Section 8 provides that the Tax Commissioner shall cause a reappraisal to be conducted in any county `whole level of values used for assessment purposes for all or any class of real property, as determined under section 77-1327, varies by more than five percentage points from the assessed value as required under section 77-201.' This seems to assume that some level of values determined under section77-1327 is used for assessment purposes. This is not true. Section 77-1327 simply requires the Tax Commissioner to make `assessment ratio studies.' We assume this means sales assessment ratio studies. In any event, such studies are not `used for assessment purposes.' The level of values used for assessment purposes are those fixed pursuant to section77-201. Section 8 is therefore very confusing.
Sections 9 and 11 are also confusing. Section 9 says that after a county has been appraised by the state, if its level of values for all of any class of real property varies by more than five percent as determined under section 11, the Tax Commissioner shall cause a reappraisal to be conducted the next year. Section 9 does not specify what the values of that county must vary from, but section 11 seems to indicate that it is from (1) the level of values used for assessment purposes for any adjoining county, or (2) the level of values used for assessment purposes for any class of real property for any adjoining county.
We can make some sense out of the second category. We suppose it refers to a variation between the same class of irrigated land in adjoining counties, for example. But what does `the level of values used for assessment purposes for real property' mean? Does it mean the total value of all real estate in the respective counties? If so, we suspect that Washington County will resent being reappraised because its total value of real estate is more than five percent below that of Douglas County.
Furthermore, section 9 would require a reappraisal of both counties involved. In other words, if county A's values are more than five percent below county B's, by the same token county B's are more than five percent above county A's. Section 9 requires a reappraisal if they vary. Therefore, both of them vary, and both must be reappraised. This is after a reappraisal by the state. We do not understand exactly what is intended.

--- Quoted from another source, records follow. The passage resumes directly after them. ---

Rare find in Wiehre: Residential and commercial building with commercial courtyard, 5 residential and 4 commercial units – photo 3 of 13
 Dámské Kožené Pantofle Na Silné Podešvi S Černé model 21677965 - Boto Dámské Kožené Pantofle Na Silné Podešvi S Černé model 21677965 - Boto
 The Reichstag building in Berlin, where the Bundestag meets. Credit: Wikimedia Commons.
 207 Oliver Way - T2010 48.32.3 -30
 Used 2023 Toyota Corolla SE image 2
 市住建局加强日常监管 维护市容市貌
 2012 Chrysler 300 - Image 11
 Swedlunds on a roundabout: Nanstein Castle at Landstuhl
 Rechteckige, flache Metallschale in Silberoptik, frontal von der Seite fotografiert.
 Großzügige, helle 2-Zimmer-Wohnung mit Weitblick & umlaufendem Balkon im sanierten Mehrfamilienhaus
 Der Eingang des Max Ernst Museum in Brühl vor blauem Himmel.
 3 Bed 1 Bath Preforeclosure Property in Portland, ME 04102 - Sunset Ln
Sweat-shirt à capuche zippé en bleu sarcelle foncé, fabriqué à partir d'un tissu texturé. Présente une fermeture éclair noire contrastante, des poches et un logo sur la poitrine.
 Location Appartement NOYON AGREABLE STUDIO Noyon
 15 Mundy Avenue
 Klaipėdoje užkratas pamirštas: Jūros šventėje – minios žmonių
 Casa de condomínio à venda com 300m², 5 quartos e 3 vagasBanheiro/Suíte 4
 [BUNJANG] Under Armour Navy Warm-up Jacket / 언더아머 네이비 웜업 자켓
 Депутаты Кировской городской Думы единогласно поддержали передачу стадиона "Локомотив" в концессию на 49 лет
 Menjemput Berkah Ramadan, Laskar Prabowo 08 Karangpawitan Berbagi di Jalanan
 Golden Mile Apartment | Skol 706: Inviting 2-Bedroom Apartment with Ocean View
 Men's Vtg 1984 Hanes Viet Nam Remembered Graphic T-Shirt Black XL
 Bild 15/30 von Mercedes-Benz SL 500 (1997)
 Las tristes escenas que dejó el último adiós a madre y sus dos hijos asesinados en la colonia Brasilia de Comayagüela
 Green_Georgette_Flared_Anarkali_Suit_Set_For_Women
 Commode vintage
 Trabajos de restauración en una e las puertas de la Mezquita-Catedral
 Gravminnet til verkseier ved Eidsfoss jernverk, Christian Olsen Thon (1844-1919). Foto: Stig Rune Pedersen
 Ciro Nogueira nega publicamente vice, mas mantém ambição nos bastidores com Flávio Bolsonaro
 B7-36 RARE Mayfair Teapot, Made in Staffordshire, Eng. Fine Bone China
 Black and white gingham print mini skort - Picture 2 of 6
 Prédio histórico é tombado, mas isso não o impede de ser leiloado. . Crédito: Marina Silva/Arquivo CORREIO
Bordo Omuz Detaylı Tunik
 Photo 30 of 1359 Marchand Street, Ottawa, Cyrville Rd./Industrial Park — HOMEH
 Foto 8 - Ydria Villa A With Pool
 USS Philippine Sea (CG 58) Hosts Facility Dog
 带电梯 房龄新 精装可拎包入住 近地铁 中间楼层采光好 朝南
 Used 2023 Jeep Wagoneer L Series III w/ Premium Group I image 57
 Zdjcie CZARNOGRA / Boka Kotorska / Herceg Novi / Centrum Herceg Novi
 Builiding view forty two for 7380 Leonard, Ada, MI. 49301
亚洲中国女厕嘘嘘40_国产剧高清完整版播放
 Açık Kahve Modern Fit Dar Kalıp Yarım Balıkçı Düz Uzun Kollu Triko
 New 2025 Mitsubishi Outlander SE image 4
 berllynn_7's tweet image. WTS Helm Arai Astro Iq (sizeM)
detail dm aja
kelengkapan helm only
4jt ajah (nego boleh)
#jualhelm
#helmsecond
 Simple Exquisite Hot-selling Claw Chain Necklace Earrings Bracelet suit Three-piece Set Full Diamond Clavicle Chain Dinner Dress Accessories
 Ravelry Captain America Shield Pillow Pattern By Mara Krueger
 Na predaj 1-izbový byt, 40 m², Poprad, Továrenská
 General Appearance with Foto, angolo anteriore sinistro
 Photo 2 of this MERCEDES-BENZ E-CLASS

Section 13 amends section 77-509, R.R.S. 1943, and provides that the State Board of Equalization and Assessment, in reviewing valuations of the various counties, `may certify valuations so that the values for all or any class of property for adjoining counties vary five or fewer percentage points.' This seems to contain the same constitutional problem we discussed in our Opinion No. 62, dated April 6, 1977, in appearing to give legislative sanction to variations from uniformity of taxation. Article VIII, Section 1, of the Constitution requires uniformity of taxation. A five percent variation is not uniformity. We would all be happy if the board could come that close, but, theoretically, no variation is permissible. We believe there is serious doubt as to the validity of statutory sanction of lack of uniformity.
Furthermore, the goal is state-wide uniformity. Section 13 permits a five percent variation in adjoining counties, which could result in much greater variations among the counties, as that five percent was carried across the state.
In short, there is much in the bill which we find difficult or impossible to understand, and one provision which seems to violate Article VIII, Section 1, of the Constitution.